I kinda like their household section. Found several sets of coasters, limb slices, 2 1/2" diameter 3/8" or so thick. $8 for the planer stuff, couple olive sets with deep dark heart and lots of figure. Too thin, too small, to do much with, if a guy had some little flat work projects in mind, they'd make some interesting pieces.

Reactions: Like 1


----------



## rocky1 (Dec 22, 2016)

Don Ratcliff said:


> @rocky1 that's a great board. I agree as a cutting board it's expensive, but cut into pen blanks it's a bargain.

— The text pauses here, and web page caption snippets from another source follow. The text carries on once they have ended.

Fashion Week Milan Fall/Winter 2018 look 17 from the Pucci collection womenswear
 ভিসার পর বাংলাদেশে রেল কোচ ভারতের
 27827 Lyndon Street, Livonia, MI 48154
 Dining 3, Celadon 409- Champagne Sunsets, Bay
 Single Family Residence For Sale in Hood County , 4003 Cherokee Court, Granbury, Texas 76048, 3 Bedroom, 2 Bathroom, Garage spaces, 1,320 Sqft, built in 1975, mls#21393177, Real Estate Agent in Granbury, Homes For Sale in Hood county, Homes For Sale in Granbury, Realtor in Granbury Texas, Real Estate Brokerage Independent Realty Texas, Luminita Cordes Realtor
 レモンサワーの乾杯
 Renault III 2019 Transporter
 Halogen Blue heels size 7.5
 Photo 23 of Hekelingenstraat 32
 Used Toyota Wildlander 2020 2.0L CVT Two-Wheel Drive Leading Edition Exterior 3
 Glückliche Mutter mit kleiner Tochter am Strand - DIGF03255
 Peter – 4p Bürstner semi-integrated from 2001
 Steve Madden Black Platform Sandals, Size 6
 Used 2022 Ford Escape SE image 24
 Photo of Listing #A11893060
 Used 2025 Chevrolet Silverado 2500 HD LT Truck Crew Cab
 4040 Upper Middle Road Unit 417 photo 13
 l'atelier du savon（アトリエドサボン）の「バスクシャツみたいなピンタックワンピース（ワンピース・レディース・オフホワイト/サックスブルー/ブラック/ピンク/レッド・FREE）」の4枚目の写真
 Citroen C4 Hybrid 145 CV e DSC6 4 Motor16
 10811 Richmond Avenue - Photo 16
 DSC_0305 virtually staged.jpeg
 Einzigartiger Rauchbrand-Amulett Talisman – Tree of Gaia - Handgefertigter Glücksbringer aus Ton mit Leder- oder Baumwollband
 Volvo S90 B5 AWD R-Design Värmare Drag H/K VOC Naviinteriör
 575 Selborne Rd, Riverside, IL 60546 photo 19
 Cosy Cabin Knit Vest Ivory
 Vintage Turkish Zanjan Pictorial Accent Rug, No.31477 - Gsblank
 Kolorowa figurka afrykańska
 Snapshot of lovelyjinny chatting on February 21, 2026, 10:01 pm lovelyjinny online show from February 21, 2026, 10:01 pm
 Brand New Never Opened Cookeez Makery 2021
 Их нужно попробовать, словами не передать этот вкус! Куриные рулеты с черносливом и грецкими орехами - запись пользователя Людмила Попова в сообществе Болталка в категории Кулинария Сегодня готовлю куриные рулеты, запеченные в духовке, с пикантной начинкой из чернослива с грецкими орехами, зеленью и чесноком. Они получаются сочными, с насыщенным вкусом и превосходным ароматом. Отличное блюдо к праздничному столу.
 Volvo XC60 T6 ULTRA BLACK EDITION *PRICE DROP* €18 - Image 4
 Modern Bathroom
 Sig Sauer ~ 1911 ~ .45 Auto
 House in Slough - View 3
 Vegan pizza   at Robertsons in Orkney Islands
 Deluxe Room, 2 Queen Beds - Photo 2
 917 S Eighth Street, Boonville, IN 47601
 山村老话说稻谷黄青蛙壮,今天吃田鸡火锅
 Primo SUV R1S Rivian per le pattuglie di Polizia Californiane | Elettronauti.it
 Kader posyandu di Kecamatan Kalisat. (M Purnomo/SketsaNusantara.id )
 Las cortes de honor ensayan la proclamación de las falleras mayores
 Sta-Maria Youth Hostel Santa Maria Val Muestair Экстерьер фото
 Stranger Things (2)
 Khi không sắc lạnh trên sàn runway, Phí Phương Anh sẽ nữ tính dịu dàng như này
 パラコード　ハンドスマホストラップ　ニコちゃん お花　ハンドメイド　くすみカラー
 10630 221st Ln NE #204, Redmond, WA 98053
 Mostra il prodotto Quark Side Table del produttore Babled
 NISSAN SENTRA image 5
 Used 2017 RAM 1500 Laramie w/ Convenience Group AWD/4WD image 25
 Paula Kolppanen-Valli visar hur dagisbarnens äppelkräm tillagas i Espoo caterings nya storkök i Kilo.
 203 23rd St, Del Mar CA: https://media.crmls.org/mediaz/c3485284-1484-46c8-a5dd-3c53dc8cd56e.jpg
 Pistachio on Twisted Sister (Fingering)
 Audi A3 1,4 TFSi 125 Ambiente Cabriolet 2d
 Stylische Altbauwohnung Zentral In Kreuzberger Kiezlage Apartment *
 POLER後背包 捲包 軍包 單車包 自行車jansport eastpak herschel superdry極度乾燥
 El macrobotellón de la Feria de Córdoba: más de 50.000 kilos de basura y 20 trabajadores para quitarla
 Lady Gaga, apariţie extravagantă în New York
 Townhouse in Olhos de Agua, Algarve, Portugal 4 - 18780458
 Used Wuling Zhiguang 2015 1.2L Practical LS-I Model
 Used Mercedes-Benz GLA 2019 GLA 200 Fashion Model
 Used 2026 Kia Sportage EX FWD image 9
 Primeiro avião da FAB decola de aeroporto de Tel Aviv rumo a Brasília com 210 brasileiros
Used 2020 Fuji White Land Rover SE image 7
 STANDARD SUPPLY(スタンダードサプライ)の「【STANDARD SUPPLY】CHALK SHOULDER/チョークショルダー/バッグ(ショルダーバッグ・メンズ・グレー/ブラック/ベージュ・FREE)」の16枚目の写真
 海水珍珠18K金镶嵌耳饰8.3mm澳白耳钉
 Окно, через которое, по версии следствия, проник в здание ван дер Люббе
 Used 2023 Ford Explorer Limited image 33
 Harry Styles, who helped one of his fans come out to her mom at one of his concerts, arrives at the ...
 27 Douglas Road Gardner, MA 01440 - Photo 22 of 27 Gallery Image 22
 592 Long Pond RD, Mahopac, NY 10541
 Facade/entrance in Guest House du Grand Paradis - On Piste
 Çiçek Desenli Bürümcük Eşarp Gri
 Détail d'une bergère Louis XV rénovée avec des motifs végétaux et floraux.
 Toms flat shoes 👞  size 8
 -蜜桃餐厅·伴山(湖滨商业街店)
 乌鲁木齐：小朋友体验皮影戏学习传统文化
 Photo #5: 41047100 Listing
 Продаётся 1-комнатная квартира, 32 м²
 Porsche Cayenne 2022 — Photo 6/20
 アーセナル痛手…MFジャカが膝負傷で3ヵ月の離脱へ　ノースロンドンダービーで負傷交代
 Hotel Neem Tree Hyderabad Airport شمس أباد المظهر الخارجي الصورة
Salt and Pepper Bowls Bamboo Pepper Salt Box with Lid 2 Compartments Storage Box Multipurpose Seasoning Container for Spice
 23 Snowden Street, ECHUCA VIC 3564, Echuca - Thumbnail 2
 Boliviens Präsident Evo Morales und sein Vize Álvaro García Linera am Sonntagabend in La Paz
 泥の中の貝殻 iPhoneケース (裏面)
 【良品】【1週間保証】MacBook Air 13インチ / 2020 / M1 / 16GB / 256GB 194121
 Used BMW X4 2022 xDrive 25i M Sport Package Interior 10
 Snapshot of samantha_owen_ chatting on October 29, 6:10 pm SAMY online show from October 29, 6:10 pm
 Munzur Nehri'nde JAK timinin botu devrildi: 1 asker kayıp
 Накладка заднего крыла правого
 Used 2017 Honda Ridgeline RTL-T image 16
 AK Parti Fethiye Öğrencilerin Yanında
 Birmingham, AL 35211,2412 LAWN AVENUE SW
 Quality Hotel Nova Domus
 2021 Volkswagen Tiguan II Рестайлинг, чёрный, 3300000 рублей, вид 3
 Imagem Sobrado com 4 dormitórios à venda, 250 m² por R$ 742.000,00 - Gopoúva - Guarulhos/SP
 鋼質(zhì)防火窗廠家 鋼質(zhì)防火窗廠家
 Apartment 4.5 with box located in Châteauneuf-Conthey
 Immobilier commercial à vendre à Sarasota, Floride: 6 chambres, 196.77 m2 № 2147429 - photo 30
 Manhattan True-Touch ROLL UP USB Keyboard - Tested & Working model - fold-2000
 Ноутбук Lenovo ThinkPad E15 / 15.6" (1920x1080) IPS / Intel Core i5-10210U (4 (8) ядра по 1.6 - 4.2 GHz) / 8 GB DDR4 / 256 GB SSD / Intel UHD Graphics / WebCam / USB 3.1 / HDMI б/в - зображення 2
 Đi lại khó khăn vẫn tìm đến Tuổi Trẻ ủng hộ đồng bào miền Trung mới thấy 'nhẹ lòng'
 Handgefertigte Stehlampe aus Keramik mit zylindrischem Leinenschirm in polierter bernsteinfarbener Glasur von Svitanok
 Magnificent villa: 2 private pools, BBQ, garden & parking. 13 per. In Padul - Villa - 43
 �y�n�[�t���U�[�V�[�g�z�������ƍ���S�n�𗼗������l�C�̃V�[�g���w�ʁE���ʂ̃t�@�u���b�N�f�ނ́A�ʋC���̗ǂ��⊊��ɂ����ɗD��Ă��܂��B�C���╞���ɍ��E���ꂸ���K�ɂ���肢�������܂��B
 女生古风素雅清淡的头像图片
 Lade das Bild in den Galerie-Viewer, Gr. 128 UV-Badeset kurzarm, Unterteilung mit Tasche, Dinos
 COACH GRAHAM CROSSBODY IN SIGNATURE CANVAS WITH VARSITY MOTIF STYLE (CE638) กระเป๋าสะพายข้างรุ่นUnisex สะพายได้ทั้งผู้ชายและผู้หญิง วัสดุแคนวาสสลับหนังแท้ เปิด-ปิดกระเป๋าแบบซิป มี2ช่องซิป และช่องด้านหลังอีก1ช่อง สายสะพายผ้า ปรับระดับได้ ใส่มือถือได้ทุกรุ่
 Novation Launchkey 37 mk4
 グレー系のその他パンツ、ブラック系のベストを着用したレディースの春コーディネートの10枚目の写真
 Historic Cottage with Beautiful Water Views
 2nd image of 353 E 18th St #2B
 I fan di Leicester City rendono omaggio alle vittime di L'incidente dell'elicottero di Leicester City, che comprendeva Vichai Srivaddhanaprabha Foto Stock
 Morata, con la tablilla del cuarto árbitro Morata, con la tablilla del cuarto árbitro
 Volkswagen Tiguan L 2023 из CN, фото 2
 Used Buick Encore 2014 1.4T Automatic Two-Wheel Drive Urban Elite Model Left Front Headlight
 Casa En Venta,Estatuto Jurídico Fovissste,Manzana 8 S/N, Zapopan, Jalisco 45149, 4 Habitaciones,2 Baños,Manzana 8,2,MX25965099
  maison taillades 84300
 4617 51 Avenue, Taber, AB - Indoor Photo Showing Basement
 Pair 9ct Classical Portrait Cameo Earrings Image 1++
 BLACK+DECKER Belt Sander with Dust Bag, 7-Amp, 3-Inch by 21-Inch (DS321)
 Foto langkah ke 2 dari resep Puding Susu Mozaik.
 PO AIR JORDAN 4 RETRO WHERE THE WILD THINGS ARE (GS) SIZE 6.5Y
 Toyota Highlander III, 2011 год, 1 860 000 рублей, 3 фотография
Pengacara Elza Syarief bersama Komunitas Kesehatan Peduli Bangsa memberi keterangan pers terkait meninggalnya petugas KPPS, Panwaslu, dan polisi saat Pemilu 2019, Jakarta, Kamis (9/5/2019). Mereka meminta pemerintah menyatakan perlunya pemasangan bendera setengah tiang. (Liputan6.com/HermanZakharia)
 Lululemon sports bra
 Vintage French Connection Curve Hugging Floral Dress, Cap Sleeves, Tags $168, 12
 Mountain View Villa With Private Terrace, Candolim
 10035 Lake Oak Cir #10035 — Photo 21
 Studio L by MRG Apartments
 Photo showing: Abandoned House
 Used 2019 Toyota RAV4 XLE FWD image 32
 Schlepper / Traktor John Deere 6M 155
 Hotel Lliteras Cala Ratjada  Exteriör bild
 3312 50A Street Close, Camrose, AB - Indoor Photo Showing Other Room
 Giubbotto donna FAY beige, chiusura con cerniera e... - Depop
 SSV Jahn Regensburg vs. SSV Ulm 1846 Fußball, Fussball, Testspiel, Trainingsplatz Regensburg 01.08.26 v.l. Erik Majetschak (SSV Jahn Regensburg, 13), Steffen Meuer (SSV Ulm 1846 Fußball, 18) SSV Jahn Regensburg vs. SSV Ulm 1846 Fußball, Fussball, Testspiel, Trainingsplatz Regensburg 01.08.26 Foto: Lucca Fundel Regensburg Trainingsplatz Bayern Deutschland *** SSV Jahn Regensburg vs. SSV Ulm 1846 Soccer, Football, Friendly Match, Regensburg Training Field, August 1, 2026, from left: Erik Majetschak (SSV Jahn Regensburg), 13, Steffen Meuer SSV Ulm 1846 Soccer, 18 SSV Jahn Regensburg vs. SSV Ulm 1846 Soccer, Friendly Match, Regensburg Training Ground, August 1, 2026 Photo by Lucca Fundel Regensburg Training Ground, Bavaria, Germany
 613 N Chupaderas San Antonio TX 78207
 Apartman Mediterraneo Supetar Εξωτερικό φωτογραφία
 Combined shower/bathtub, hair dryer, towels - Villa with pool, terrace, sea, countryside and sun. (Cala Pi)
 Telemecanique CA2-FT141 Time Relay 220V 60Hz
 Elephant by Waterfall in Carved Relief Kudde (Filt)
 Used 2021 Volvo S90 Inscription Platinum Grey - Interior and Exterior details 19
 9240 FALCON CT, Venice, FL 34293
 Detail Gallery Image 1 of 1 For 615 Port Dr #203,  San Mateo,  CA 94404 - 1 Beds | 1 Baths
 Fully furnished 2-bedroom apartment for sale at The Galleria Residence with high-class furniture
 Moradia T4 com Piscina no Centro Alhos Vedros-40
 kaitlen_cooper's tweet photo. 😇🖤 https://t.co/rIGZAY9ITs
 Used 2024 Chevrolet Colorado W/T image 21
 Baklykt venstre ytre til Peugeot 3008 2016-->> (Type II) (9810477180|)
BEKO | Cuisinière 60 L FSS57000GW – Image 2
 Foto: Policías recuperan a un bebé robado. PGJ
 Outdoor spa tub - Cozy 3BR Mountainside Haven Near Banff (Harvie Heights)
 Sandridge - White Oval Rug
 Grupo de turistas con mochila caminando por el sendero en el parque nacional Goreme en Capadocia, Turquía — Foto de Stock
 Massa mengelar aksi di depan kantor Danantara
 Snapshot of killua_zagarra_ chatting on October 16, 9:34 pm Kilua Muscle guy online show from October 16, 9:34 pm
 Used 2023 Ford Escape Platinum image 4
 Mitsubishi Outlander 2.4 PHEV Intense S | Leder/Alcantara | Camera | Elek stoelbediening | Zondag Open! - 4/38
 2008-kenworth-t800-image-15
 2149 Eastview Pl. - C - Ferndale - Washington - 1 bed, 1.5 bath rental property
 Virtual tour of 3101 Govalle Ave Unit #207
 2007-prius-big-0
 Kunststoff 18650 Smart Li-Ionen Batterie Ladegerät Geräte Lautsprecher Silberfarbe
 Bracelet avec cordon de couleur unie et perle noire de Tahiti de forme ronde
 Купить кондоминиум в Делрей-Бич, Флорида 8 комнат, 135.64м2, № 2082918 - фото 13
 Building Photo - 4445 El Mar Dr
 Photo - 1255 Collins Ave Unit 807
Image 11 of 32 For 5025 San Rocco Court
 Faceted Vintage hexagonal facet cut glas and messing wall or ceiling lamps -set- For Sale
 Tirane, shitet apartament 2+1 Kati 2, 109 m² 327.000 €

Yeah, honestly it's very cheap for blanks!!

First Board - 16 blanks 1"x 1"x 6" plus the handle will give up a couple shorts... $1.25/blank
Second Board - 9 blanks 3/4" x 3/4" x 5 - 6" plus a short maybe two out of the handle... $1.70/blank




Palaswood said:


> @rocky1 What the heck! that last one is AMAZING!
> 
> <heads to TJ Maxx>



Be sure to check the ends of the aisle too! Yeah, that last one blew me away when I picked it up!! It was a "WOW!!" moment no doubt! Headed to the checkout line with a smile on my face!!

Reactions: Way Cool 2


----------



## Don Ratcliff (Dec 22, 2016)

We send @rocky1 to get pen blanks at TJ Maxx and he comes back as Martha freaking Stewart.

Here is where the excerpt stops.